Una seña de identidad aragonesa

Opinión
'Una seña de identidad aragonesa'
Oliver Duch

Siempre me ha sorprendido el escaso eco que la singularidad aragonesa ha merecido en los análisis políticos y jurídicos que se realizan fuera de la Comunidad y, muchas veces, también, en su interior. Unos alegarán como razón que Aragón es desdeñada por el escaso peso relativo de su población. Para otros, el motivo será la naturaleza absorbente del debate nacionalista vasco y catalán o el todavía carácter centrífugo de la política nacional. Y habrá quien encuentre la explicación en tesis más victimistas. Lo que resulta difícil es negar la premisa. Desde la aprobación de la Constitución y el Estatuto de Autonomía de 1982, la política se ha desenvuelto en Aragón de manera diferente a cómo lo ha hecho en otras Comunidades y también en el Estado. Si alguien considera que es relevante alegar señas de identidad, no creo que la forma de hacer política sea desdeñable. Porque en conjunto se trata de una singularidad netamente positiva que se impone con claridad a las sombras que se pudiesen mencionar.

Voy a tratar de sintetizar en qué consiste para mí esa singularidad. Por supuesto, no se trata de ninguna lista cerrada. Es una opción personal. Sí advierto que no aludiré a la historia ni buscaré en ella legitimación alguna. Precisamente, creo que lo que dota de interés al estudio del ser político aragonés es que responde a la voluntad de sus ciudadanos vivos. Es decir, que es la consecuencia natural del principio democrático. Por supuesto, ello no significa desconocer las raíces históricas que ayudan a explicar los reflejos de esa singularidad.

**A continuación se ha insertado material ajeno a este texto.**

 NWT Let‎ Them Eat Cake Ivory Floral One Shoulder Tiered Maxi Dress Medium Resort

Como en diversas ocasiones he expresado, la relación de Aragón con el autogobierno se ha manifestado de una forma nítidamente original, cambiando el guion que se había establecido por los pactos nacionales y originando para el Estado autonómico una vía de evolución que por unos años lo llevó a lo que, sin excesos, se pudo describir como cercanía de la perfección federal. En efecto, sólo por la reforma en 1996 de los Estatutos de Autonomía de Canarias y Aragón, se generalizó la autonomía plena y el Estado pudo adquirir dimensión federal tanto por la profundidad del autogobierno como por su homogeneidad. Es sorprendente que, generalmente, este protagonismo sea, consciente o inconscientemente, ignorado.

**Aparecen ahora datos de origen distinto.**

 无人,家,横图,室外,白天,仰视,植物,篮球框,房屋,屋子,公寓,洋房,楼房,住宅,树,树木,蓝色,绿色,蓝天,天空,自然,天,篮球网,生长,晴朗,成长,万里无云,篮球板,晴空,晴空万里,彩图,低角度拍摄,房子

La segunda característica que define la diferencia política aragonesa es el pacto. Naturalmente, la premisa es la existencia de un acusado pluralismo político, nota ésta compartida con otras (pocas) Comunidades. La diferencia es que en Aragón el acuerdo político ha sido tradición. No en vano, es la Comunidad con más gobiernos de coalición. La ausencia de una hegemonía política nítida y constante (otra característica de la Comunidad), provocó que desde la Segunda Legislatura la coalición fuese la forma natural de gobierno. Y más allá de la composición de los ejecutivos, los acuerdos políticos transversales han sido frecuentes. Es posible afirmar que el acuerdo ha tenido un acomodo natural en la política aragonesa.

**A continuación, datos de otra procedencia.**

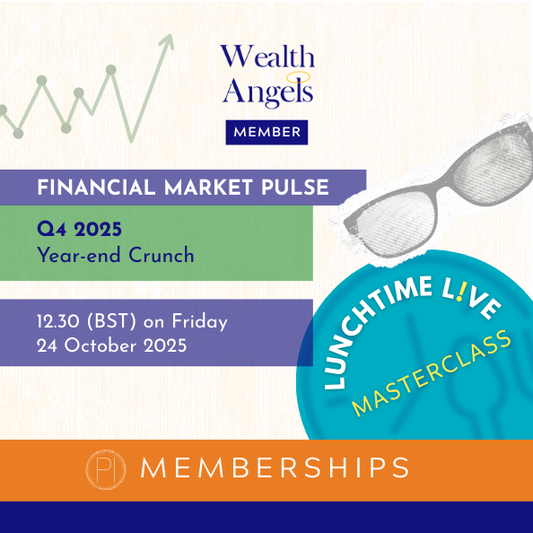 Promotional flyer for Wealth Angels' financial market pulse event with sunglasses and membership information.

Finalmente, y de forma breve, haré referencia a una tercera característica que ayuda a comprender las otras dos. Me refiero a la moderación. Las distintas formaciones políticas aragonesas, cada una dentro de sus postulados ideológicos, se han desenvuelto preferentemente en territorio templado, huyendo de extremismos y posiciones maximalistas. Por supuesto, ello ha favorecido el pacto y el desarrollo de esa vía singular en el Estado autonómico. Más allá, ha hecho del hacer diario algo más rico y razonable.

¿Por qué recordarlo? No por ninguna necesidad de reivindicación. Pero sí porque las tres cualidades mencionadas son hoy necesarias en la política nacional. Es preciso encontrar una forma de desarrollar el Estado autonómico que equilibre las distintas demandas en juego. Es imperioso lograr acuerdos transversales que integren a la gran mayoría de la población. Y todo ello sólo podrá hacerse desde una visión templada, lejana a cualquier radicalismo. Aragón ha sido y es ejemplo y debe ponerlo encima de la mesa. Para afirmar una valiosa seña de identidad. Pero, sobre todo, para demostrar que hay otras formas de hacer política.